Finger Lakes Concert Band Celebrates 30 Years

Concert, Saturday, May 31, 2014 at 7:30pm

 

The Finger Lakes Concert Band is celebrating its 30th year as a community band with a concert Saturday, May 31 at 7:30pm in the Canandaigua Academy Theatre. The evening’s program directed by Greg Kane includes Richard Wagner’s Die Meistersinger, which was performed on the very last concert of the inaugural year in June 1985. Other music includes the Celebration Fanfare by Joan Tower, Canterbury Chorale by Jan Van der Roost, two works by John Philip Sousa, and Symphonic Dance No. 3 “Fiesta” by Clifton Williams. Featured soloists on the program will be trumpeter Jeff Stempien, performing on an arrangement of the Carnival of Venice and Vito Giacalone performing the alto sax on Harlem Nocturne. Jeff is a retired music teacher from the Penn Yan Central Schools, who now teaches for Hobart and William Smith College and Keuka College. He is also principal trumpet for the Orchestra of the Southern Finger Lakes. Vito, new member to the FLCB, is a graduate from Boston University and the New England Conservatory of Music and taught saxophone for a number of years..

 

The Finger Lakes Concert Band’s (FLCB) first year was Sept. 1984-June 1985 and eight of the original charter members are still performing; they are Nancy Pease, Bonna McMahon, George Barden, Daniel Brigham, Louise Smith, Marjie Adams, Rose Copper Brown, Lauralee Maas. The Band is comprised of 54 adult instrumentalists from the Greater Finger Lakes community and was originally under the auspices of Finger Lakes Community College, but reorganized in the summer of 2005 to become part of the ensemble program at Hochstein School.

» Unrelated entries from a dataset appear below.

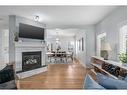 15 Cougar Ridge View Sw, Calgary, AB  - Indoor Photo Showing Living Room With Fireplace 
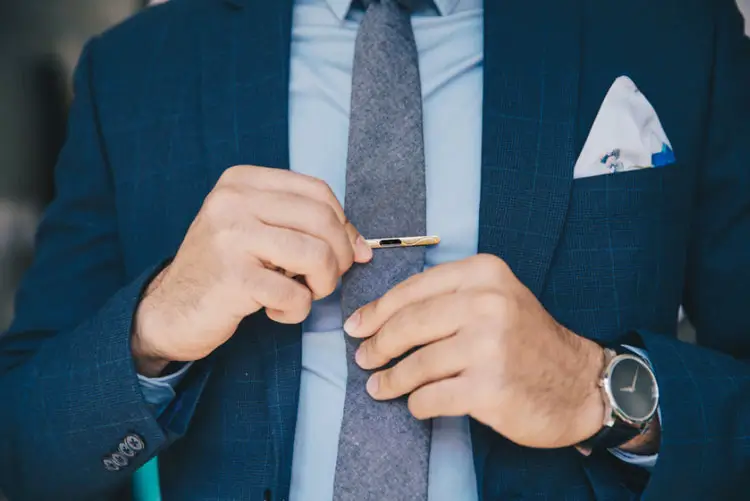 Man wearing blue suit and tie clip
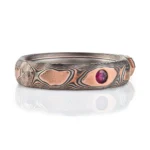 dimensional mokume gane patterned ring made to resemble rocks, with a dark diamond crystal set into it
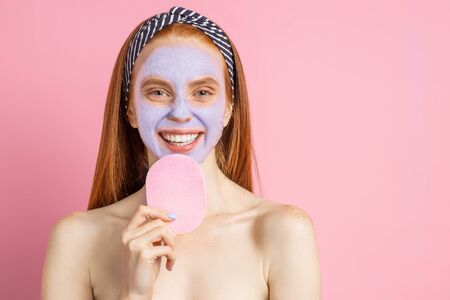 Horizontal shot of happy overjoyed woman standing naked, with mask for rejuvenation on face, having cosmetic treatments, smiling showing white teeth, keeping sponge, posing against pink studio wall.の写真素材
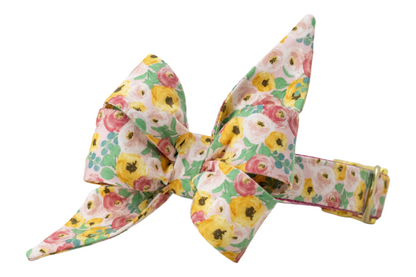Dog collar with an attached oversized belle bow, both made from cotton fabric featuring a vibrant floral print. The belle bow has an exaggerated structure with two tall, pointed loops and broad lower folds, giving it a sculpted, feminine silhouette. The collar is covered in matching floral fabric and secured with metal hardware, including an adjustment slider and D-ring.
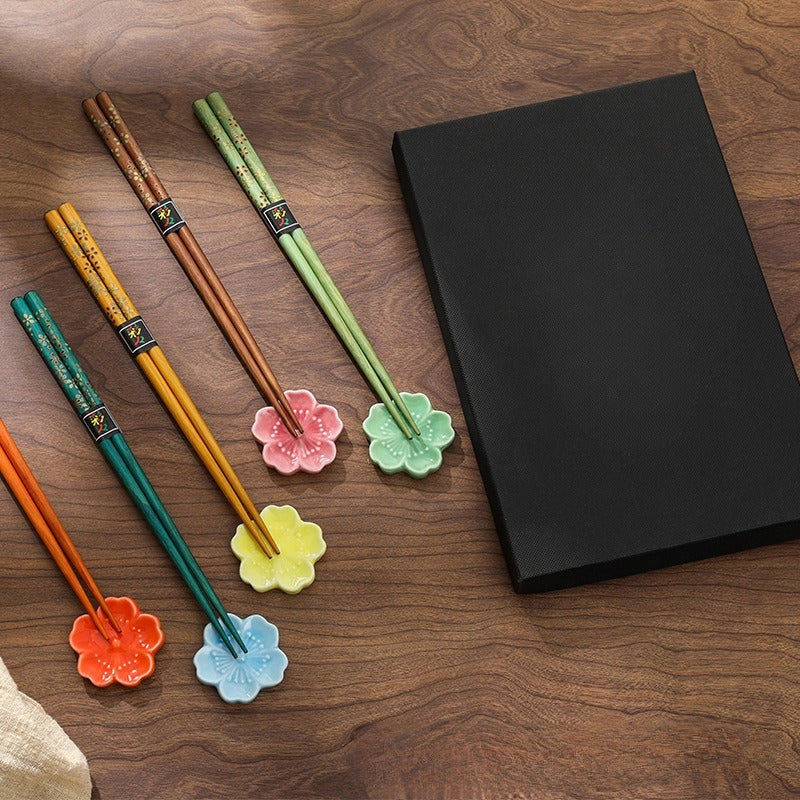 Set of colorful chopsticks with floral ends on a wooden surface next to a black giftbox.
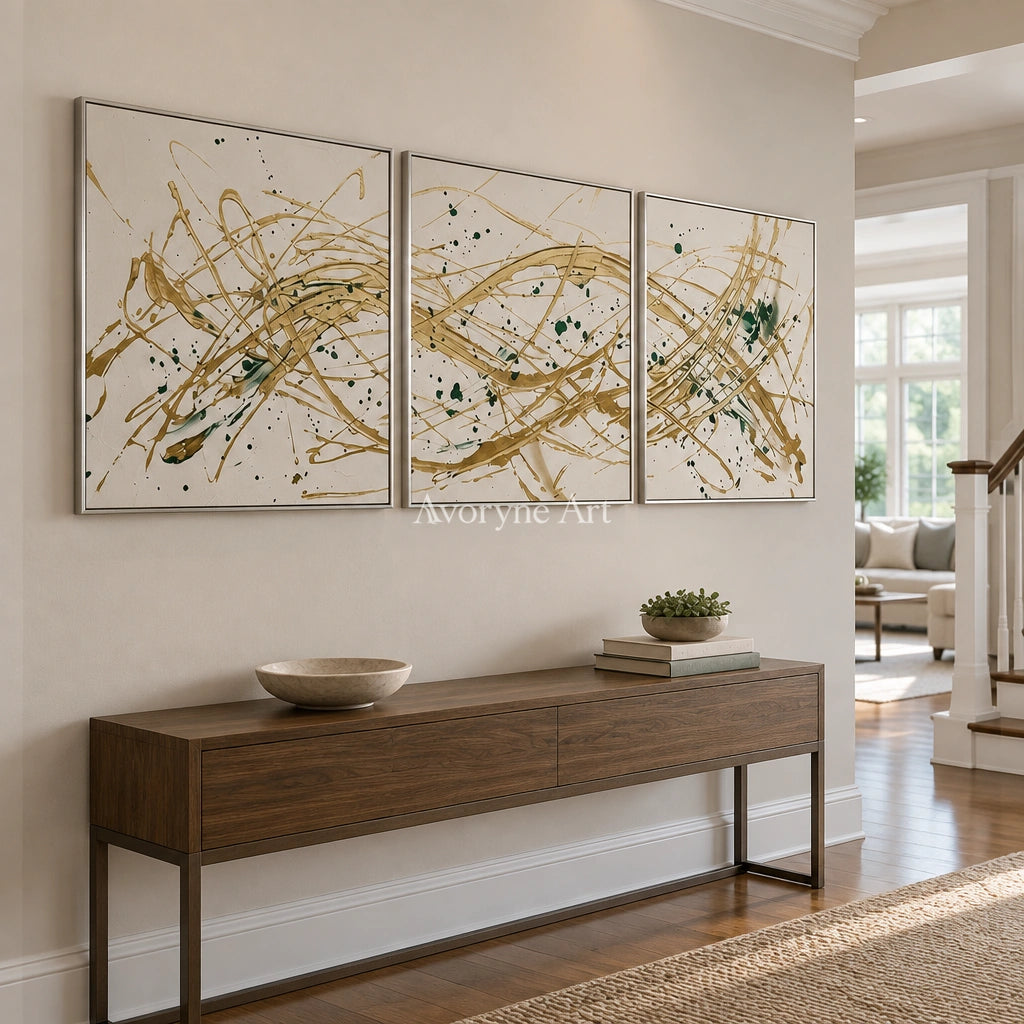 Golden Reverie linear abstract triptych with a silver frame in an entryway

Marjie Adams has been playing clarinet with the Band for 30 years and never once missed a concert! She answered an ad asking for new band members after missing her middle school and high school band days. She has fond memories of the founding band director, Frank Verget, who had the dream to start a community band when he was an instructor at Community College of the Finger Lakes (now Finger Lakes Community College). It was originally called the Finger Lakes Wind Ensemble and used to perform in the FLCC “shell,” before it had a shell and was just a stage. Band Director Verget was a “bit of a showman” Marjie says,  “who once brought a white horse onstage during the playing of the William Tell Overture.” He also enlisted jazz dancers from Midlakes High School to perform during a concert and another time when the rain redirected the Band out of the Highland Bowl during the Lilac Festival, they performed in the beer tent. After a few more directors came and went Marjie got to perform under her old high school band director, Charles Van Buren, who led the group for several years. “We all enjoy the energy and enthusiasm that the new director, Gregory Kane, has brought to the group since last year,” she noted.

 

Door admission is $5, however student 18 years and younger are free. Canandaigua Academy is located at 435 East Street in Canandaigua, New York.